« Kibaré » de Florent Nikiéma : Un spectacle de danse dans un décor hallucinant
Le festival international Dialogues de corps, 13e édition, a refermé ses portes dans la soirée du 13 décembre 2020 au Centre de Développement Chorégraphique, La Termitière, à Ouagadougou. A l’instar des précédents jours, danse et musique étaient au programme. Nous nous sommes intéressés à « Kibaré », le spectacle solo du danseur chorégraphe burkinabè, Florent Nikiéma. Découvrons un univers épatant, avec un décor et une prestation artistique hors du commun.
Un spectacle, longtemps annoncé, a retenu notre attention à ce dernier jour du festival international de danse au Burkina Faso, Dialogues de corps. Il s’agit de « Kibaré » (comment va ? en langue mooré) du danseur chorégraphe, Florent Nikiéma. D’entrée de jeu, son décor est assez étrange, la mise en scène aussi.
Pour le besoin, le danseur, n’a pas exploité le Grand studio du CDC La Termitière. C’est plutôt un espace herbeux, aménagé à l’occasion, qui a servi de théâtre d’expression.
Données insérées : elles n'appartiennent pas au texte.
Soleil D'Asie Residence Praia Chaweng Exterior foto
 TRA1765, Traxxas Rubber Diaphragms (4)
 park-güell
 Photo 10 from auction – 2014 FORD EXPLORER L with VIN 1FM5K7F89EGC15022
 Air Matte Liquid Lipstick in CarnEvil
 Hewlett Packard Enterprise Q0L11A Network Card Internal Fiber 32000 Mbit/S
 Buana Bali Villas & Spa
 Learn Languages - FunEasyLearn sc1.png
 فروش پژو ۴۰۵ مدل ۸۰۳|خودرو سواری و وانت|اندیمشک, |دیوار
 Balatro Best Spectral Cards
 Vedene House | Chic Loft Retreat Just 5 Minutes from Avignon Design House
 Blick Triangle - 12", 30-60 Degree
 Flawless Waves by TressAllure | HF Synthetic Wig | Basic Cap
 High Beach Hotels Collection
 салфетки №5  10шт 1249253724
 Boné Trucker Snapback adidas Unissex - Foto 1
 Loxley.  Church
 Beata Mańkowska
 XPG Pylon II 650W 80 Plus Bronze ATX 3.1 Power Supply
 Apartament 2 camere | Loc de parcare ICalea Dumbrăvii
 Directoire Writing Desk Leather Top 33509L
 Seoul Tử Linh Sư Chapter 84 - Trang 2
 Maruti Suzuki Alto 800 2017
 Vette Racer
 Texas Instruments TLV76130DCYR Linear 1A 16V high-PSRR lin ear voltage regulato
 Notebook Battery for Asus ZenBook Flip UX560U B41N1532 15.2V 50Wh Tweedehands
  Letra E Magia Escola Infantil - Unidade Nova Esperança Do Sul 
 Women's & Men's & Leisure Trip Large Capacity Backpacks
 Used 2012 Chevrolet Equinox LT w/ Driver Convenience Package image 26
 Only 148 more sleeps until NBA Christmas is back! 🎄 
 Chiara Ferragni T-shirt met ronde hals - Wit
A cet endroit précis, sont entreposés l’un à côté de l’autre, du gyrophare, de la clochette, de la brosse à dent, de la pâte dentifrice, un matelas trempé de poussière … En hauteur, juste au-dessus de la tête, des cordes sont fixées à un arbre avec des pneus pendants. Tout paraît à la fois déraisonné. C’est pourtant dans cet univers que Florent a choisi de s’exprimer en toute commodité.
Et comme si ce décor insolite ne suffisait pas, l’artiste dans son expression scénique, va se livrer à un comportement « délirant ». Il se brosse, crache, salive, se donne l’envie de vomir … Cette scène, peu plaisante, fait pourtant passer un message dans l’action.
Dans le spectacle « Kibaré », l’auteur extériorise un ressenti, un dégoût, une rage, une colère vis-à-vis du colon impérialiste dominateur, des dirigeants africains corrompus et des pillages orchestrés sur les ressources fertiles de l’Afrique.
Pour mieux comprendre cette expression artistique, il fallait lire plutôt que de regarder, car l’univers dans lequel Florent a transporté les spectateurs n’était pas si évident pour tous.
Le spectacle « Kibaré » traite plusieurs thématiques à la fois. Il aborde la domination politique et néocoloniale sur les peuples africains. C’est ce qui explique les cordes, la lutte avec le matelas laissant remonter la poussière vers le haut. Cela sous-entend dans la conception de Florent, que l’occident a une mainmise dans l’exploitation du sous-sol africain.
La corruption reste une gangrène en Afrique. Elle contribue à maintenir le continent dans une situation de précarité. Mais, est ce que les dirigeants africains ont-ils conscience ? devraient-ils continuer de s’entredéchirer ? « Kibaré » fait également un zoom sur l’esclavage, avec toutes les tortures et pendaisons des noirs qui se révoltaient à l’époque. Ces faits sont illustrés par des images projetées.
Pendant le spectacle, également, Florent, seul en scène, laisse suinter en fond sonore le discours revigorant de certaines figures emblématiques dont Thomas Sankara. Mais celui de Blaise Compaoré, à qui l’assassinat de Thomas Sankara a profité, donnait envie de vomir au danseur d’où la pituite.
Il y a urgence pour l’artiste. Et ce spectacle est un appel à la prise de conscience, et aussi à la révolte. In fine, partir ou rester devient un dilemme. Chargeant alors son matelas sur les épaules, le danseur tergiverse et finit par rester.
« Kibaré » est un spectacle engagé. Servi à la clôture de « Dialogues de corps » 2020, on ne pouvait pas espérer mieux.